A note on Earth based Jurisprudence and Ecological Economics¹

Context
Formal disciplines evolve in the context of power and established knowledge practices. Neo-classical economics is presently taught in most mainstream institutions across the world. Ecological economics (EE) is largely a sub-discipline tagged to the broader curriculum. Increasingly, “environmental economics” is offered as an elective at the undergraduate level but conceptually the syllabus is an extension of the neo-classical paradigm – quite divorced from an earth-centered jurisprudence. Perhaps this is necessary to maintain methodological rigor which unwittingly constrains the boundaries of the subject. This technical facade gives a certain legitimacy to EE. The challenge is how to bring ecological economics to the center of political economy rather than remain an appendix to it.

At many universities, a major in economics is a popular choice. In order to draw students, the core of the major is largely shaped by the job market instead of a need to be literate in the full range of economic offerings. As a result, the discipline has become sanitized – devoid of contextual offerings such as history of economic thought, comparative economic history, Marxian economics, development theory, and environmental ethics. The focus (and in some ways for good reason) is on tool oriented courses – statistics, econometrics, mathematical economics/ modeling, game theory, aimed for a more marketable degree in the public and private sector marketplace. It is possible at many universities, to take courses in the latter (technical) and virtually none in the context courses leading to a distorted world view – what economics is and how one views the world.

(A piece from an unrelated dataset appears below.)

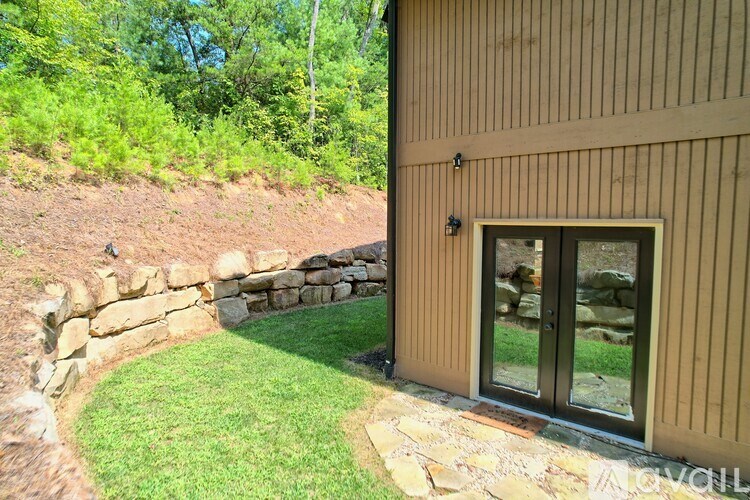 A house with a brown siding and a glass door is shown.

Over time, economics as a discipline has become hyphenated with public policy/ finance majors, but the economic content in this hybrid incarnation of the subject is minimal, usually limited to macro and micro economics with limited offerings in trade and finance. In an ironic twist – particularly in many developing countries, the distinction between finance (read corporate finance) and economics is thin. And for better or worse, it is management/ business, public policy, and finance majors who come consciously or unconsciously to shape or nudge thinking and decisions on wealth and power, as advisers, consultants, managers or entrepreneurs within the state or firms.